Pictures with short captions
▼▼▼
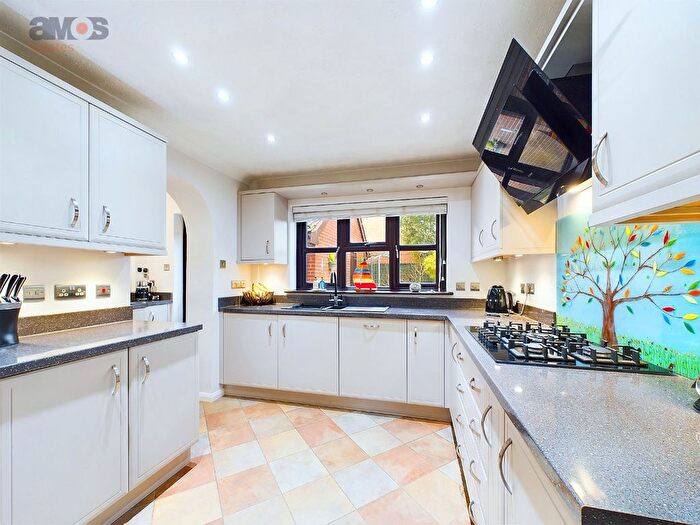 4 Bedroom Detached House For Sale In Green Lane, Eastwood, Leigh-On-Sea Essex, SS9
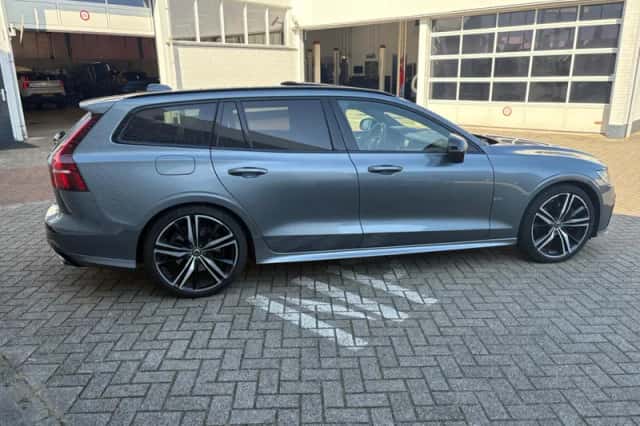Volvo V60 (2019) thumbnail 2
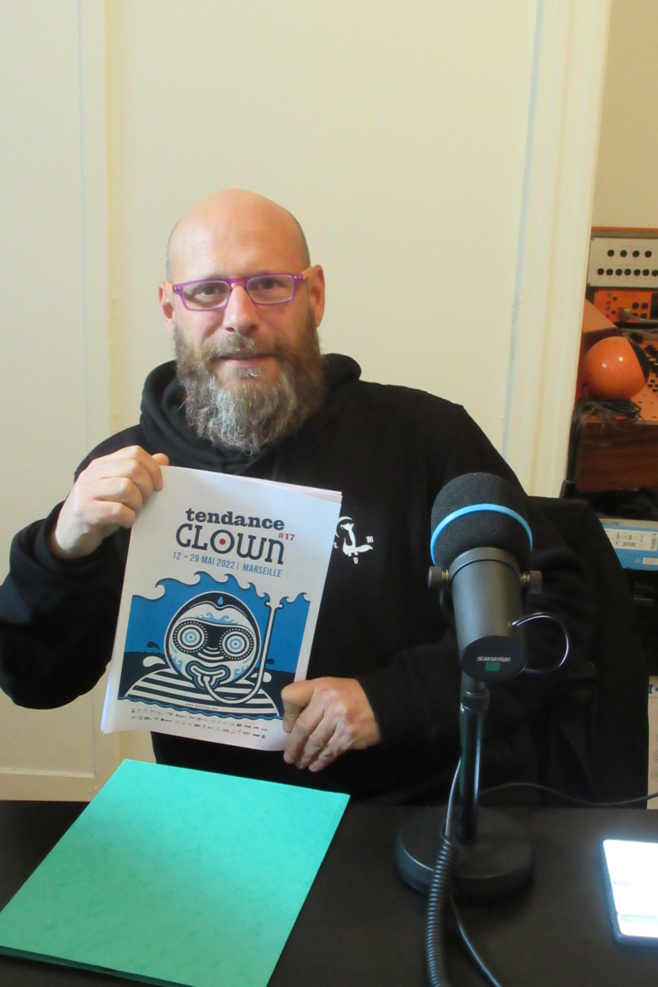 TENDANCES CLOWN EN 2022 : CHERCHER LE RIRE TENDANCES CLOWN EN 2022 : CHERCHER LE RIRE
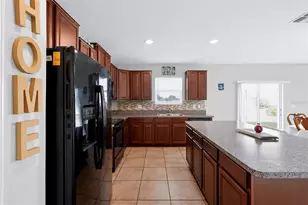 1711 Broad Winged Hawk Dr, Ruskin, FL 33570 - Photo 18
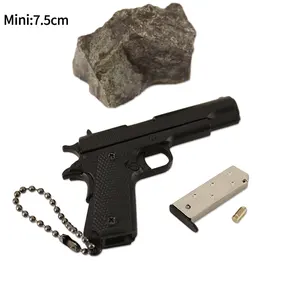 Colt 1911 oyuncak çöl kartal Mini anahtarlık Metal dekoratif anahtarlık tabanca oyuncak kılıf aksesuarları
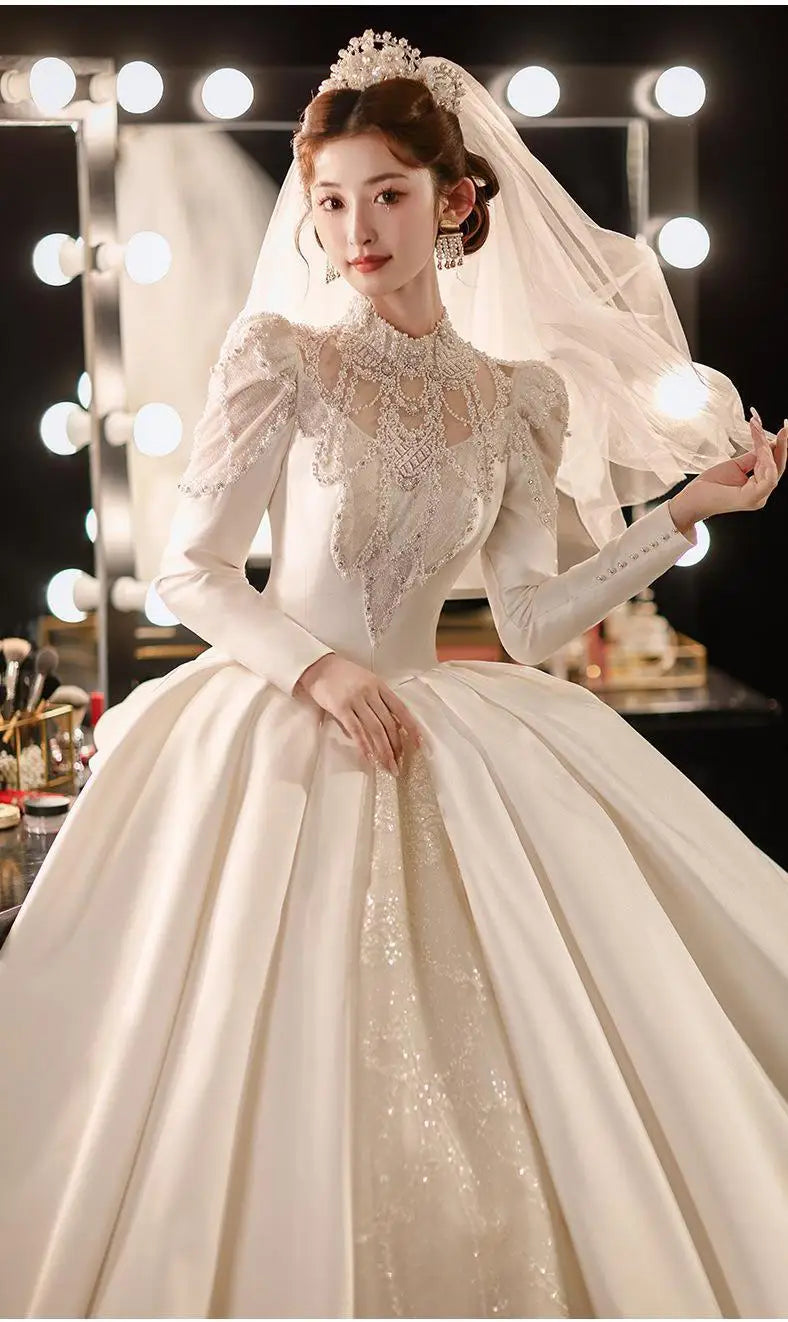 Exquisite Vintage Wedding Dress Long Sleeve Lace Up Floor-length Beading Bridal Gown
▲▲▲
ASSIGNMENT:
All entries, top to bottom, should be retyped exactly; the pictures should not be.

WRITTEN SOLUTION:
 4 Bedroom Detached House For Sale In Green Lane, Eastwood, Leigh-On-Sea Essex, SS9
Volvo V60 (2019) thumbnail 2
 TENDANCES CLOWN EN 2022 : CHERCHER LE RIRE TENDANCES CLOWN EN 2022 : CHERCHER LE RIRE
 1711 Broad Winged Hawk Dr, Ruskin, FL 33570 - Photo 18
 Colt 1911 oyuncak çöl kartal Mini anahtarlık Metal dekoratif anahtarlık tabanca oyuncak kılıf aksesuarları
 Exquisite Vintage Wedding Dress Long Sleeve Lace Up Floor-length Beading Bridal Gown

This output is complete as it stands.